== Instructions for the task ==
Begin at the line with "Electrike (52/109) [EX: Ruby" and output every line through the end of the records, exactly as given. Omit pictures.

== Data shown ==
▬▬▬▬▬▬▬▬▬▬
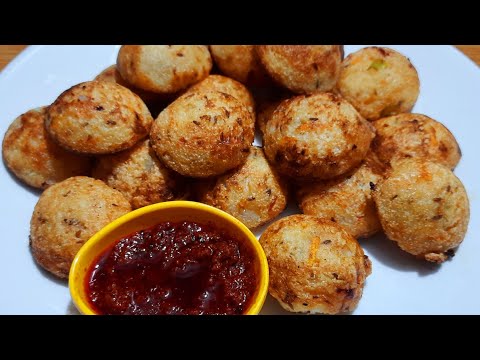 Instant Breakfast recipe/రవ్వ తో గుంత పొంగణాలు/Rava gunta ponganalu/suji recipes/rava ponganalu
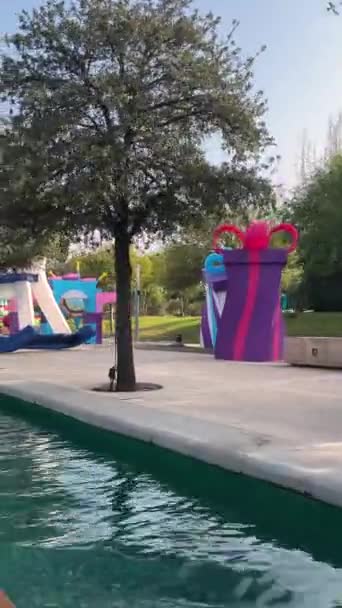 Santa Lucia Ride Monterrey Mexico River Boat Ride River Watching — Wideo stockowe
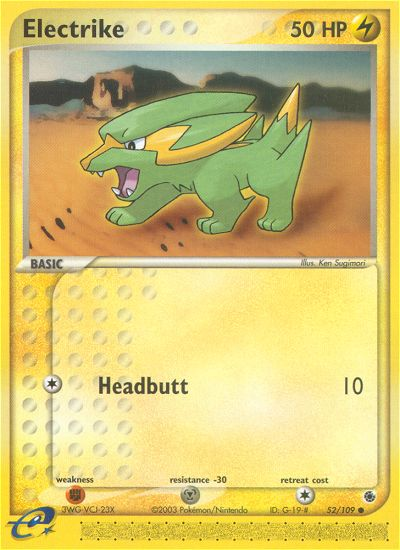Electrike (52/109) [EX: Ruby & Sapphire] - Pokémon - Card Brawlers | Quebec | Canada |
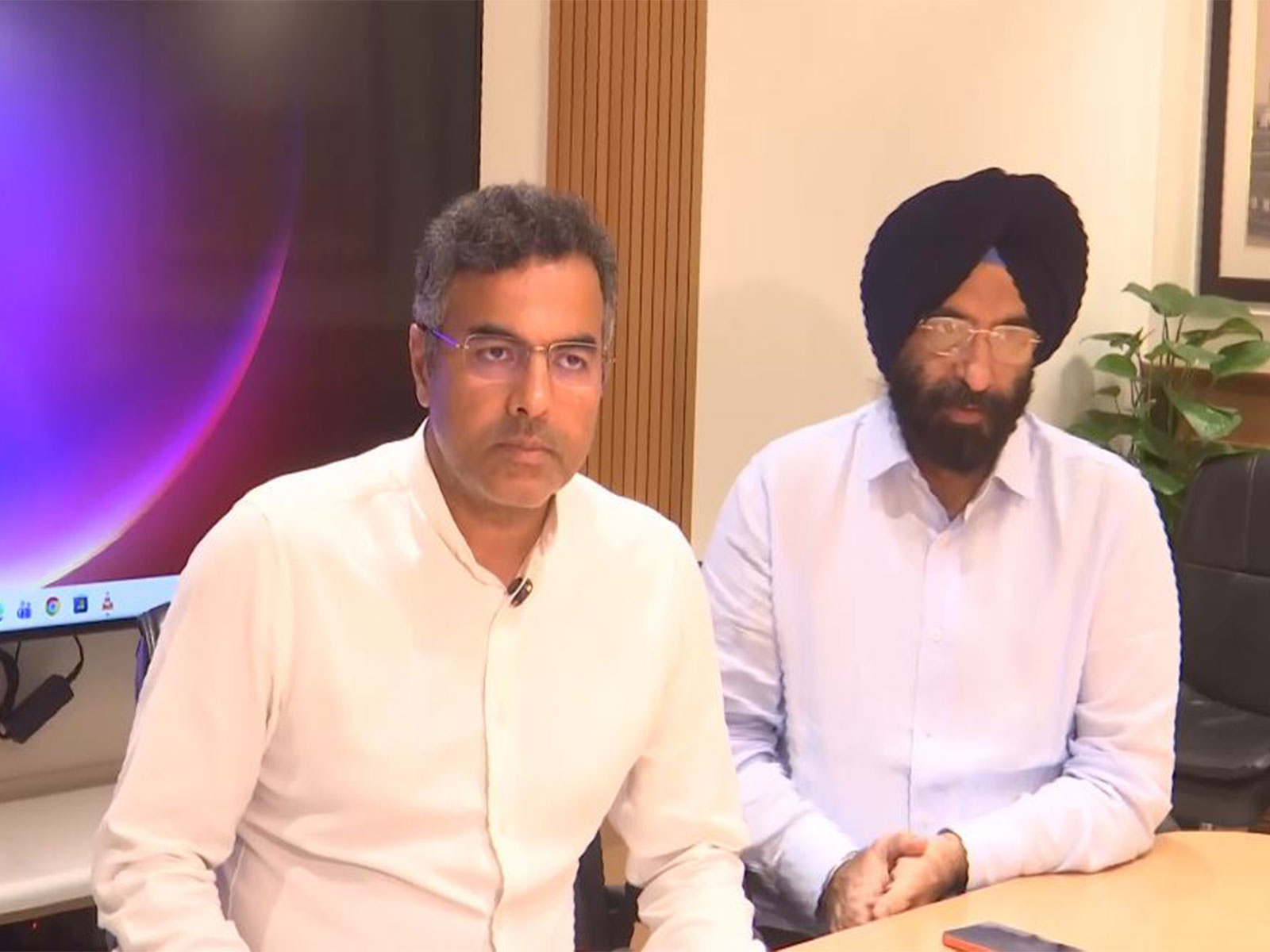 Delhi Ministers Parvesh Verma and Majinder Singh Sirsa (Photo/ANI)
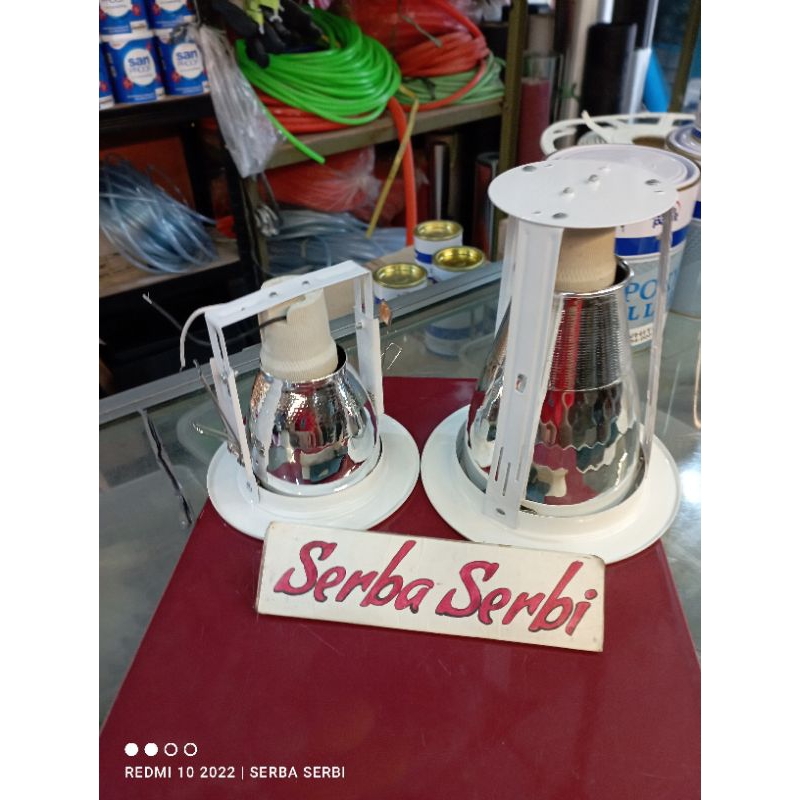 (SARANG DOWNLIGHT) Sarang fitting lampu downlight plafon atap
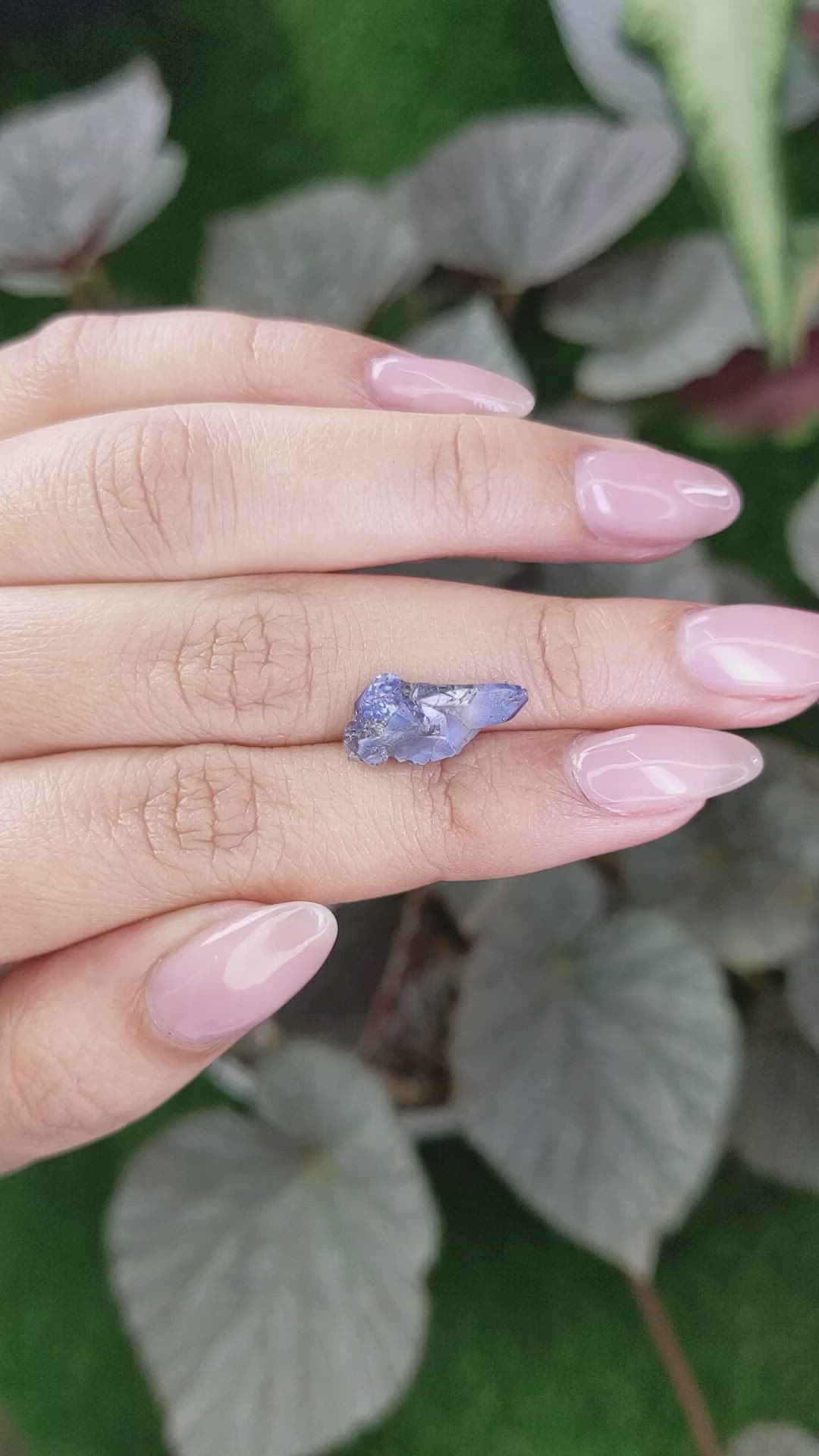 4.66 Ct. Blue Sapphire Crystal from Ceylon (Sri Lanka) Size Video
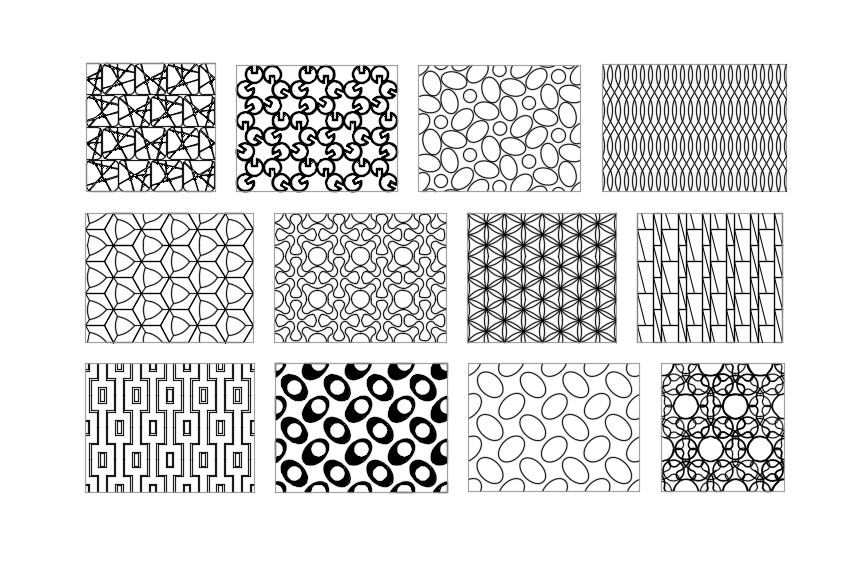 Motif géométrique sans joints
▬▬▬▬▬▬▬▬▬▬
== Solved exercise ==
Electrike (52/109) [EX: Ruby & Sapphire] - Pokémon - Card Brawlers | Quebec | Canada |
 Delhi Ministers Parvesh Verma and Majinder Singh Sirsa (Photo/ANI)
 (SARANG DOWNLIGHT) Sarang fitting lampu downlight plafon atap
 4.66 Ct. Blue Sapphire Crystal from Ceylon (Sri Lanka) Size Video
 Motif géométrique sans joints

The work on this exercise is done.